The soloists, especially the great Placido Domingo, acquit themselves admirably, as do conductor Kent Nagano and his forces from Berlin. The recording and multichannel surround presentation are excellent, with plenty of ambience in the surrounds, and with the soloists spread nicely across the front speakers. Christus am Olberge is not well represented in the recorded catalog, and is rarely played or programmed in orchestral concerts, so this new SACD from Harmonia Mundi makes a welcome addition.

— Tom Gibbs

ANTON BRUCKNER: Symphony No. 9, with documentation of the Final Fragment – Vienna Philharmonic/Nikolaus Harnoncourt – RCA Red Seal multichannel SACD + standard CD – 2CD 82876 54332-2: [Purchase at Elusive Disc]

What a pleasant surprise! BMG’s first DVD-A was an Elvis compilation but here we have one of the most exciting classical symphonic releases of the year as their very first SACD. Many aspects are special about this release: It’s Harnoncourt’s first recording with the Vienna Philharmonic. It was recorded live (as were most Gunter Wand’s Bruckner series) during the 2002 Salzburg Festival, and the second disc is of a “workshop concert” during which Harnoncourt discussed the state of the existing material for the unfinished Finale of this four-movement symphony and conducted most of the music that can be performed. His commentary was probably delivered in both German and English during this concert but for the purposes of the CD it has been edited to provide the German version on the first nine tracks and the English on the remaining nine tracks. (There’s nothing about this on the outside of the jewel box so it is a bit disconcerting for English-speakers to put the disc on and hear only the German at the beginning.)

My one beef/question here would be why the workshop disc is only a 44.1 CD while the rest of the symphony is multichannel SACD. It is fascinating to hear the various fragments of the Finale and it would be nice to hear them with the same fidelity and envelopment as the rest of the symphony. Harnoncourt talks about the decades of controversy over the Bruckner sketches for his final symphony. He envisioned a strong, almost fierce mein for this movement. The live audience is extremely quiet for both concerts, as European audiences are wont to be. The Ninth has been called Bruckner’s confessional work, one that sums up all his other ten symphonies (included the two that came before No. 1).
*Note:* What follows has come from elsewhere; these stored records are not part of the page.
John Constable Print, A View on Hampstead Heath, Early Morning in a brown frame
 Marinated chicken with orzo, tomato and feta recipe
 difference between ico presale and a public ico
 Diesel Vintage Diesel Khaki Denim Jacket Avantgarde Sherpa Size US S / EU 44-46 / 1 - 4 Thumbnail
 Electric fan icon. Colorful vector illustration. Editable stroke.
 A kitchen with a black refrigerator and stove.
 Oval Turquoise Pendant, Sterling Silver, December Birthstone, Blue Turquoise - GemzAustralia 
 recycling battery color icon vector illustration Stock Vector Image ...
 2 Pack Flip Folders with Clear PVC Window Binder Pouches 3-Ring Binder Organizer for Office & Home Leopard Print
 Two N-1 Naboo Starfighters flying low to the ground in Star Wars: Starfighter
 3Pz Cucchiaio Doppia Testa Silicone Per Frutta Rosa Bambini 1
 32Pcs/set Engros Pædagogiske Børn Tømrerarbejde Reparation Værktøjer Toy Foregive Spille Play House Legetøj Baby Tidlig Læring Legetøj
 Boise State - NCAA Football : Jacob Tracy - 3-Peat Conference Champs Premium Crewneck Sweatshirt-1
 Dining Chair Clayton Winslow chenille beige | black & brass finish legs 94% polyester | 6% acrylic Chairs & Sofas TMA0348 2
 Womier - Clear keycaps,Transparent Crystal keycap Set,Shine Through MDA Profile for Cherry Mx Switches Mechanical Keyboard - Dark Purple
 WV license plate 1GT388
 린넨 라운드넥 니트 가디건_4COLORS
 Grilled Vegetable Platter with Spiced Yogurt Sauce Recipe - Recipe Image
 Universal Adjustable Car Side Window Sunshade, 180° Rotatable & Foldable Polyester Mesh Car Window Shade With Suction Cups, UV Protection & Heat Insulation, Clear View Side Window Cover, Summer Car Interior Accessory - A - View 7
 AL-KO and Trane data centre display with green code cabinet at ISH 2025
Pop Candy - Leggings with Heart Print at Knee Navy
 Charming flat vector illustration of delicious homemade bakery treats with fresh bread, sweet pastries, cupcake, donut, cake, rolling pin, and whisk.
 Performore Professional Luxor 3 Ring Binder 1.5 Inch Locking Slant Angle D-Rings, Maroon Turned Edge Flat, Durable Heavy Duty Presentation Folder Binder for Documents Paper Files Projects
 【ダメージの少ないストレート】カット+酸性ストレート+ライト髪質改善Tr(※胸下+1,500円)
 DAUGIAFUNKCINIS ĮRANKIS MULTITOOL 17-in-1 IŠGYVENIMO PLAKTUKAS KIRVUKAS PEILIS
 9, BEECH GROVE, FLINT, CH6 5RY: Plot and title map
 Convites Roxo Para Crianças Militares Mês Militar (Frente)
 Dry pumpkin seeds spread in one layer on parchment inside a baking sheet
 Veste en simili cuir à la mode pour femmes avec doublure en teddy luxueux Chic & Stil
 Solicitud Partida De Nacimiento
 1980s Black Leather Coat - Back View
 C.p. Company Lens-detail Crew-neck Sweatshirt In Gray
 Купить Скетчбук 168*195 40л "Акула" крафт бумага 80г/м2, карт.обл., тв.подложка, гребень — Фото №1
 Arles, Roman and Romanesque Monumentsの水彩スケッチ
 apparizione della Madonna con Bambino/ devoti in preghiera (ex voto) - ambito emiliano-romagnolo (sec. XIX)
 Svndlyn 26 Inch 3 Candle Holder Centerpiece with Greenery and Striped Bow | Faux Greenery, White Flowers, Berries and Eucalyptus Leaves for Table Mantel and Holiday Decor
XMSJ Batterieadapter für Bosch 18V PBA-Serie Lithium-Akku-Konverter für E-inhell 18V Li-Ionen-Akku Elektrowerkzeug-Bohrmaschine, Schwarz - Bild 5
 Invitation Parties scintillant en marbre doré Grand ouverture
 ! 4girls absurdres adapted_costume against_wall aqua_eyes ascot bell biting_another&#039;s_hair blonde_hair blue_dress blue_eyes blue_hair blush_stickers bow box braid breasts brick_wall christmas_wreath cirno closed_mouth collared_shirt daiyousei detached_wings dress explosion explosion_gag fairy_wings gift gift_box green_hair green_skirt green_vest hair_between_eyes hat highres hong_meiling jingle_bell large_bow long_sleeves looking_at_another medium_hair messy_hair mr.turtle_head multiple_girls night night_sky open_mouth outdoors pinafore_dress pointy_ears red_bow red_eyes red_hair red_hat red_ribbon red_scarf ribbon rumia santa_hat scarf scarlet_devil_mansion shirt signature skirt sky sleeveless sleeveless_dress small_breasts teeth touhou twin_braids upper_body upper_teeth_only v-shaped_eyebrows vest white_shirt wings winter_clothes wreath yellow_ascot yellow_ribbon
We must not forget that he was an extremely pious, religious man who dedicated this symphony to “The Dear Lord;” scholars find many elements intended to inspire thoughts about sin, repentance, redemption, The Last Judgement, etc.

But at the same Bruckner’s later symphonies, and especially the Ninth, can be experienced as amazingly modern music in the minimalist vein which extends repetition to lengths even Philip Glass might question. The impact of his constantly building blocks of dense sound can be thrilling, and is a challenge to recording systems. My previous choice for this work was Gunter Wand’s with the NW German Radio Symphony, also on RCA Red Seal. I find both Wand and Harnoncourt more dramatic and exciting than the frequent recommendation in this repertory – Haitink’s complete set on Philips. Also the sonics are superior. Comparison of the Wand and Harnoncourt was surprising because at first I couldn’t tell if I was actually switching between two versions – the match was so similar. Both were recorded in large cathedrals with great ambience and quiet, respectful audiences. The differences soon made themselves evident, however, even when running the Wand recording thru ProLogic II for a surround effect. The standard CD had actually more ambience of the space and a bit better low end. But the SACD suffered much less distortion on the big climaxes, cleaner upper strings and high brass notes, and more transparency in general. The Wand CD was generally a rather opaque sonically compared to the SACD. The envelopment of those huge blocks of orchestral sounds in the Harnoncourt recording is spine-tingling. A great beginning for BMG’s classical SACD release program!

– John Sunier

Classical Brubeck = BRUBECK: Beloved Son; Pange Lingua Variations; Voice of the Holy Spirit; Regret – Dave Brubeck, p./Dave Brubeck Quartet/Alan Opie/London Voices/London Symphony Orch./Russell Gloyd cond. – Telarc multichannel SACD 60621 (2 discs) [Release date – Jan. 27]: [Purchase at Elusive Disc]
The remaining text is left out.